AffectSRNet : Facial Emotion-Aware Super-Resolution Network

Many artificial intelligence systems try to understand human emotions by reading facial expressions. However, in practical situations, faces are often captured in poor quality – for example, from CCTV cameras, mobile cameras, video calls, or distant surveillance footage. When such blurred or low-resolution faces are enlarged using ordinary image-enhancement methods, the face may look sharper, but the expression can change. A smile may look less natural, eye details may be altered, or the emotional signal may become unclear.

AffectSRNet, created by Dr Syed Sameen Ahmad Rizvi, Assistant Professor, Department of Computer Science and Engineering, SRM AP addresses this problem by enhancing facial images in a way that respects the emotional structure of the face. His research has been published in the Q1 journal of Cognitive Computation, having an impact score of 4.3, under the title “AffectSRNet : Facial Emotion-Aware Super-Resolution Network”. Instead of only making the image visually sharper, the model also considers important facial landmarks such as the eyes, eyebrows, cheeks, lips, and mouth region. These points are treated as a connected facial structure so that the system can better preserve the expression while improving resolution. In simple terms, the model does not merely ask, ‘How can this face be made clearer?’ It also asks, ‘How can this face be made clearer without changing the emotion it is expressing?’

Abstract

Facial Expression Recognition (FER) systems often perform unreliably when the input face images are of low resolution, as commonly encountered in surveillance footage, online communication, mobile imaging, and other real-world visual environments. Conventional face super-resolution methods can improve image clarity, but they may unintentionally distort subtle expression cues such as eye movement, lip curvature, cheek structure, and other facial details that carry emotional meaning. This research introduces AffectSRNet, an emotion-aware face super-resolution framework designed to enhance low-resolution facial images while preserving the fidelity and intensity of facial expressions. The proposed approach integrates facial landmark geometry through Graph Convolutional Networks and combines these structural embeddings with a super-resolution backbone using multimodal attention-based fusion. In addition, the work introduces an Emotion Consistency Metric to evaluate whether the emotional content of a face remains stable after super-resolution. Experiments on standard facial datasets, including CelebA, FFHQ, and Helen, demonstrate that AffectSRNet achieves competitive visual reconstruction quality while improving emotion preservation in comparison with existing super-resolution approaches. The study contributes toward more reliable FER systems for real-world, low-resolution settings.
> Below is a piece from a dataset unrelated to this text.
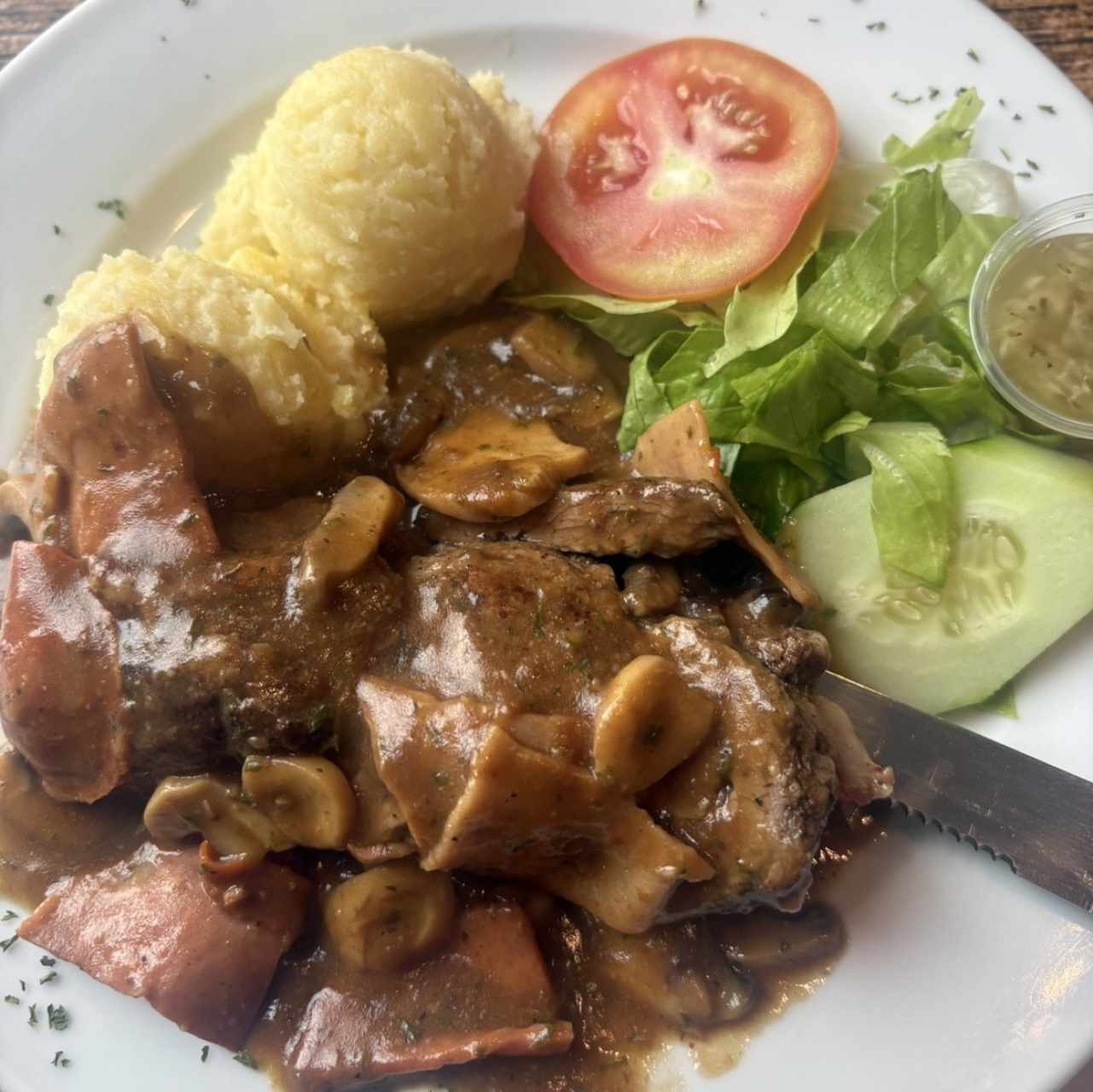 Medallones de filete relleno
seas-research — Comparison of AffectSRNet with other super-resolution methods (SRCNN, FSRNet, DIC) on low-resolution facial images. AffectSRNet achieves superior image clarity and emotion fidelity, preserving fine facial details and expression accuracy

Practical Implementation and Social Implications

The practical value of AffectSRNet lies in its ability to support emotion-sensitive computer vision applications under low-resolution conditions. It can be integrated as a pre-processing or enhancement module before facial expression recognition systems, particularly where visual quality is limited but emotional interpretation remains important.
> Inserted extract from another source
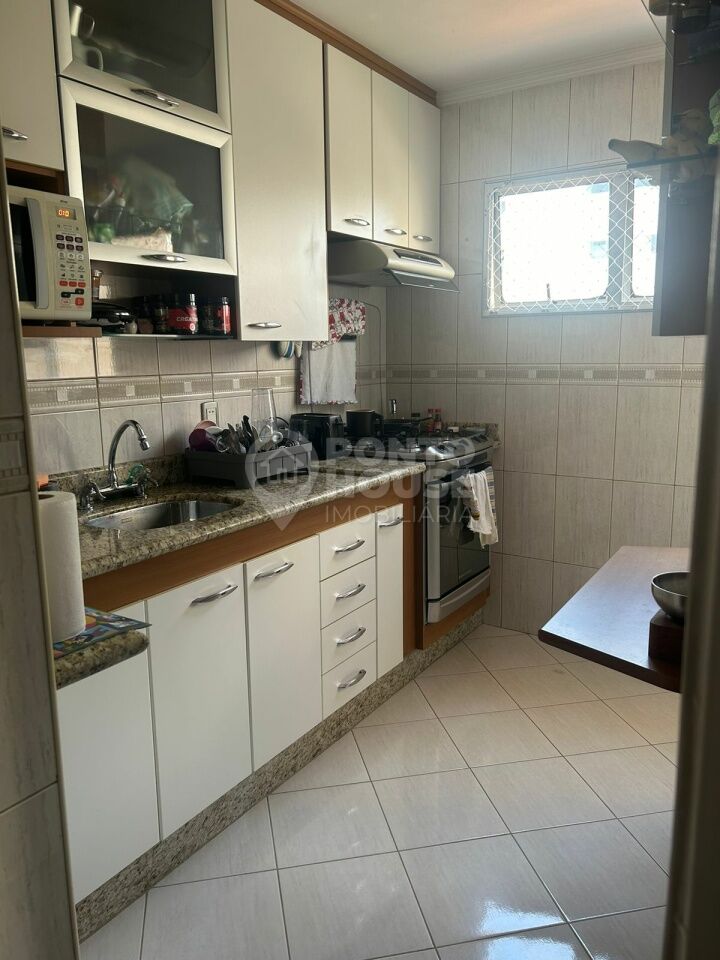 Apartamento à venda na Saúde com 2 dormitórios, 1 banheiro, sala e 1 vaga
Surveillance and public safety: The framework can improve the reliability of expression-aware analysis in low-resolution video streams, while reducing the risk that enhancement changes the emotional content of a face.
Human-computer interaction: Emotion-aware interfaces, digital assistants, and affective computing systems can become more responsive when facial expressions are preserved more accurately.
Online education and remote communication: In low-bandwidth settings, the method can help retain facial cues that are important for engagement, attentiveness, and interaction quality.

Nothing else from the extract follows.